**Exercise brief**
Every line below from the one with "20 шт. 5 стили" through the one with "Mesa de Cabeceira" is to be repeated exactly, with no picture among them.

**Data shown**
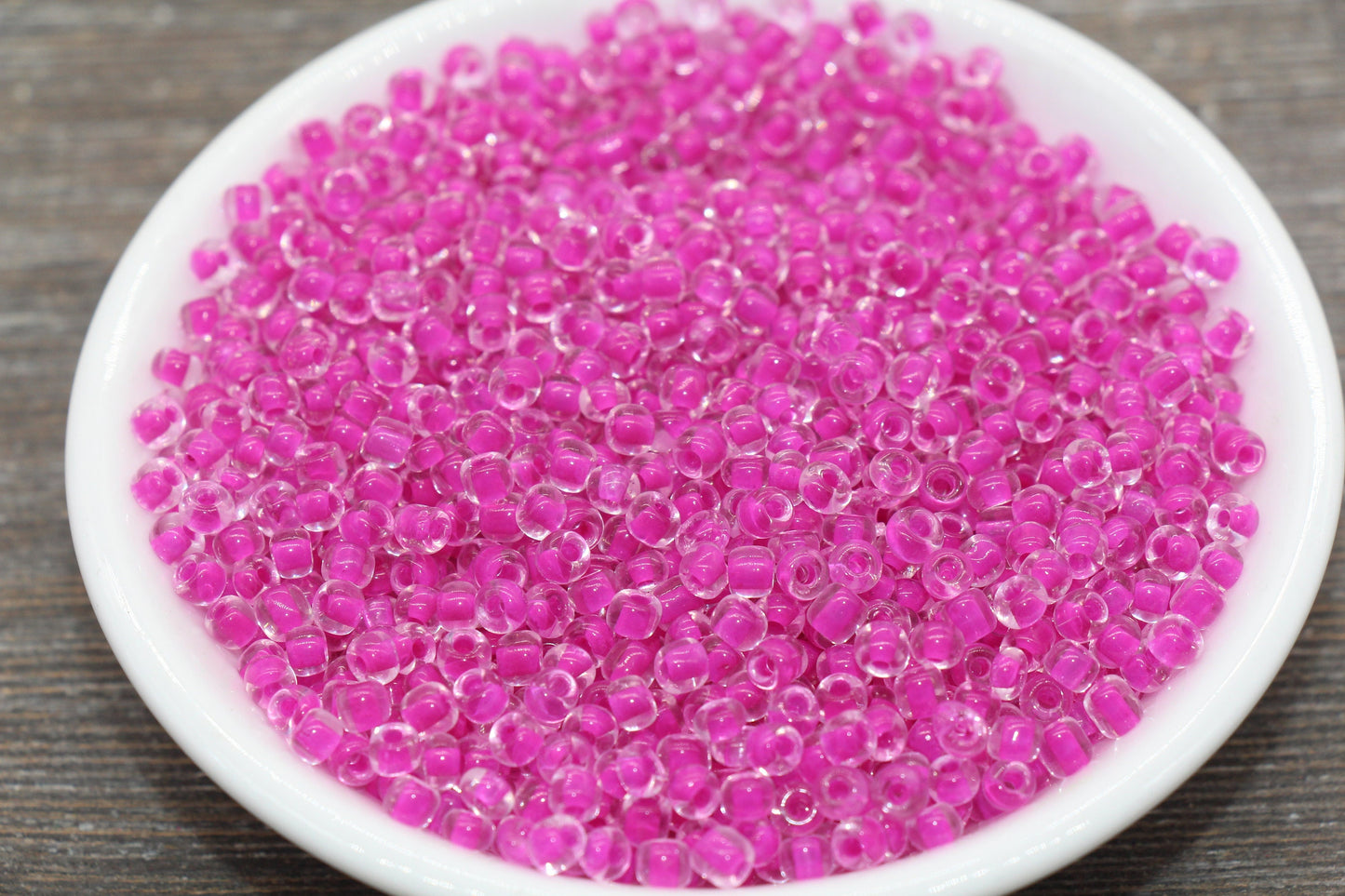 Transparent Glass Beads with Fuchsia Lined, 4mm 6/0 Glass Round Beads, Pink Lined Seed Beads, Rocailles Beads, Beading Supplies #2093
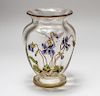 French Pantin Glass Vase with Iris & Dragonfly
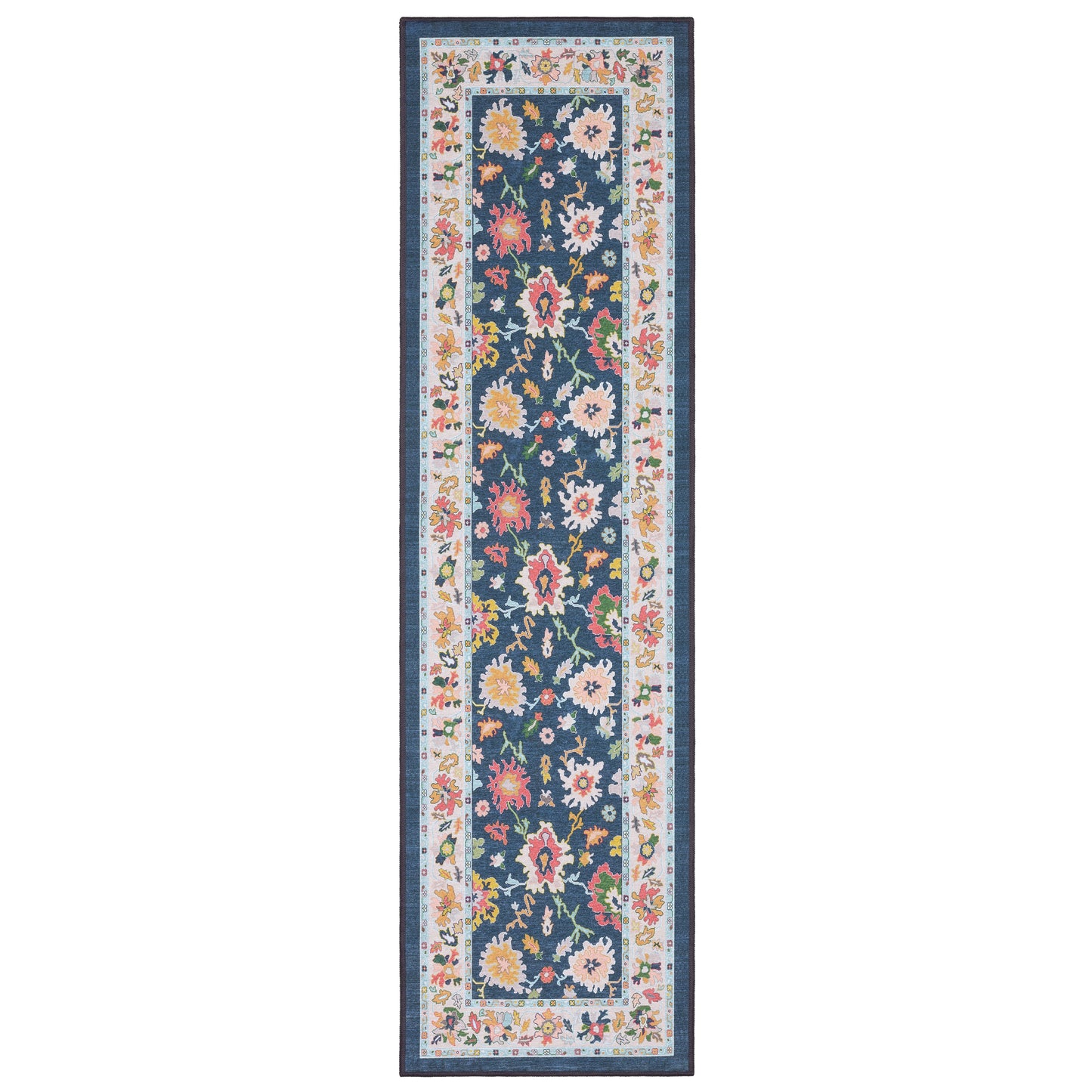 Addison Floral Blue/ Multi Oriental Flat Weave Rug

--

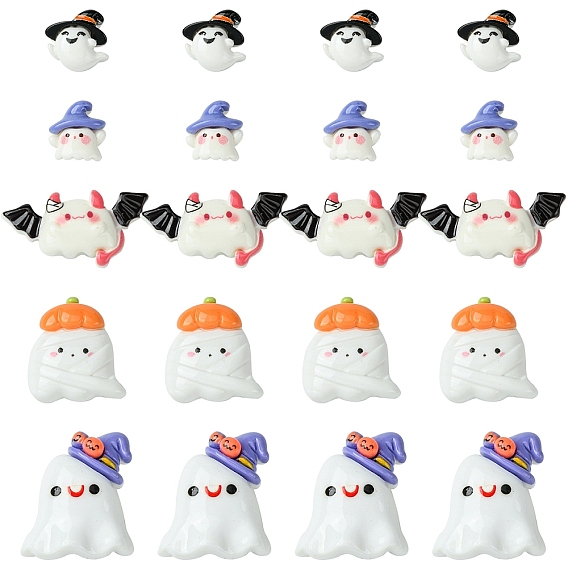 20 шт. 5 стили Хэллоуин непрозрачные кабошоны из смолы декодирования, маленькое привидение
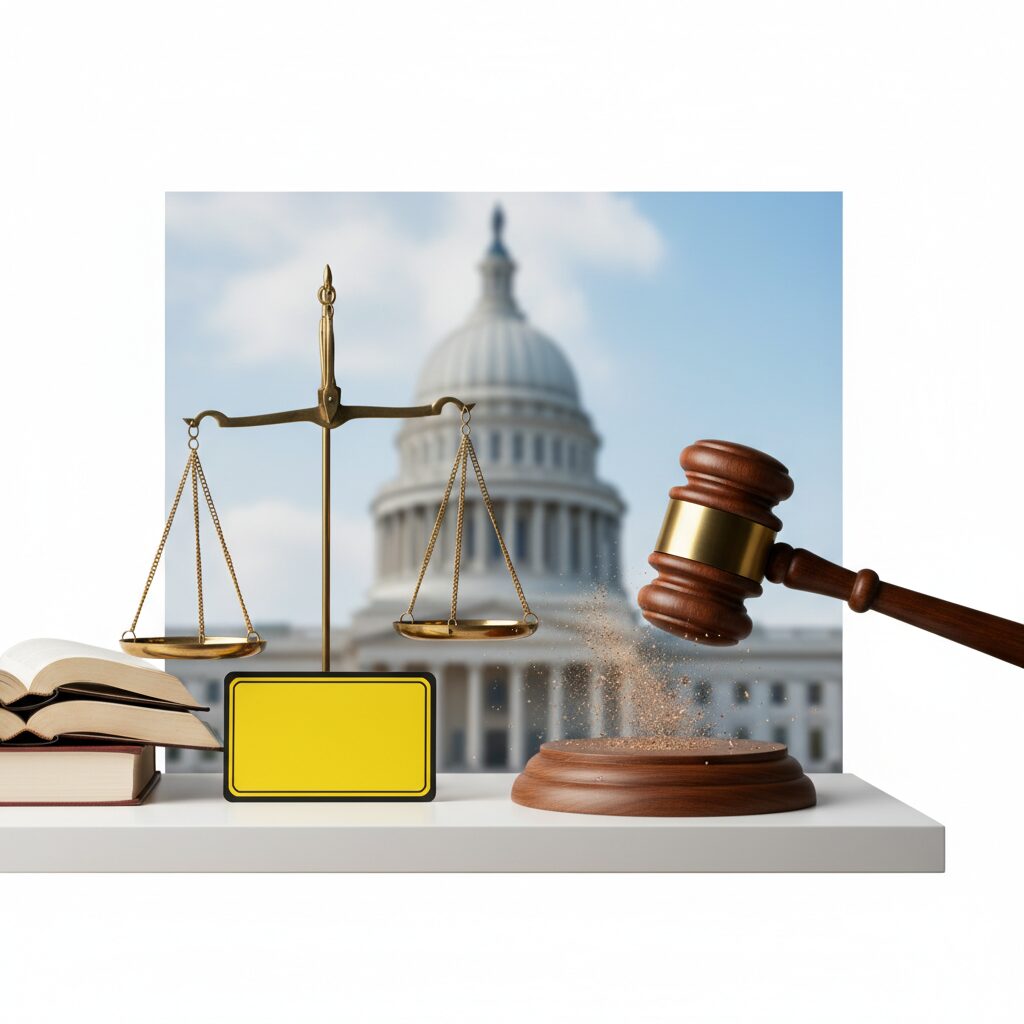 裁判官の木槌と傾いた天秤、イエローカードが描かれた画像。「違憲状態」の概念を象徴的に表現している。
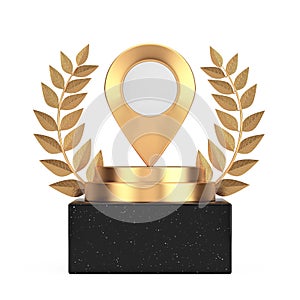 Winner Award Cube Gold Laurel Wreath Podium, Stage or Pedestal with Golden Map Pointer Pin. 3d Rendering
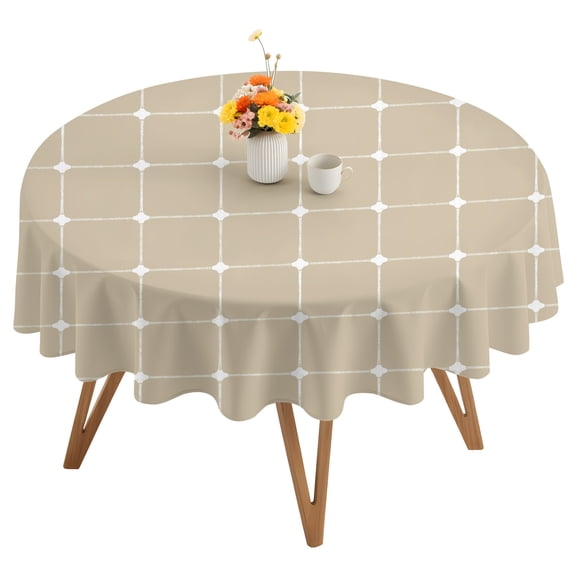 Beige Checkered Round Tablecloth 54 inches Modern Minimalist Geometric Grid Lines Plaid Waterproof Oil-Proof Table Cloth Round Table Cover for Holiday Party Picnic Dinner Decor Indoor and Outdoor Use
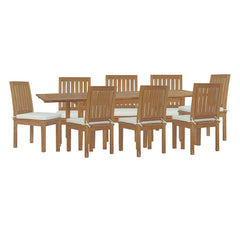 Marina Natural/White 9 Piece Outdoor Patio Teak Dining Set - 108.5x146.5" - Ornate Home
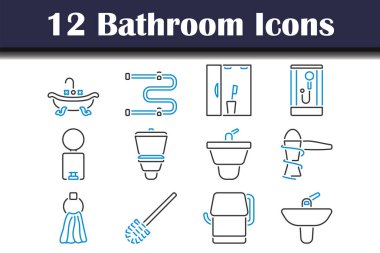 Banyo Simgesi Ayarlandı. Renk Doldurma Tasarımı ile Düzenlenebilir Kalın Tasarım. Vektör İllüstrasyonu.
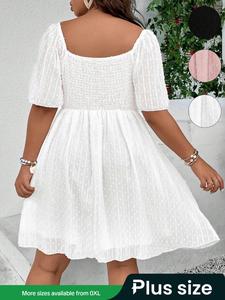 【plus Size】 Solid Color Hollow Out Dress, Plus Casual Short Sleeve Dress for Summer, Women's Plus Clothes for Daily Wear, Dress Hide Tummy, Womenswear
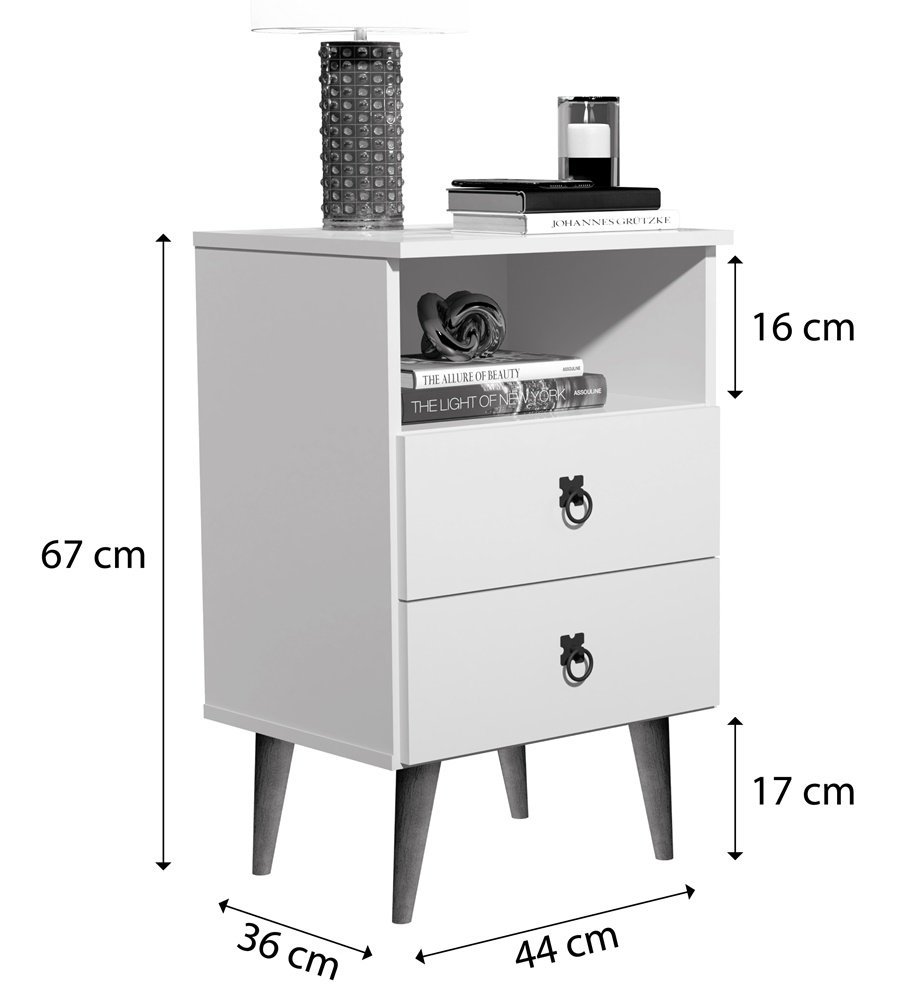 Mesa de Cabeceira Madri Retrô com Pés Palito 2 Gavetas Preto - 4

**Written answer**
 20 шт. 5 стили Хэллоуин непрозрачные кабошоны из смолы декодирования, маленькое привидение
 裁判官の木槌と傾いた天秤、イエローカードが描かれた画像。「違憲状態」の概念を象徴的に表現している。
 Winner Award Cube Gold Laurel Wreath Podium, Stage or Pedestal with Golden Map Pointer Pin. 3d Rendering
 Beige Checkered Round Tablecloth 54 inches Modern Minimalist Geometric Grid Lines Plaid Waterproof Oil-Proof Table Cloth Round Table Cover for Holiday Party Picnic Dinner Decor Indoor and Outdoor Use
 Marina Natural/White 9 Piece Outdoor Patio Teak Dining Set - 108.5x146.5" - Ornate Home
 Banyo Simgesi Ayarlandı. Renk Doldurma Tasarımı ile Düzenlenebilir Kalın Tasarım. Vektör İllüstrasyonu.
 【plus Size】 Solid Color Hollow Out Dress, Plus Casual Short Sleeve Dress for Summer, Women's Plus Clothes for Daily Wear, Dress Hide Tummy, Womenswear
 Mesa de Cabeceira Madri Retrô com Pés Palito 2 Gavetas Preto - 4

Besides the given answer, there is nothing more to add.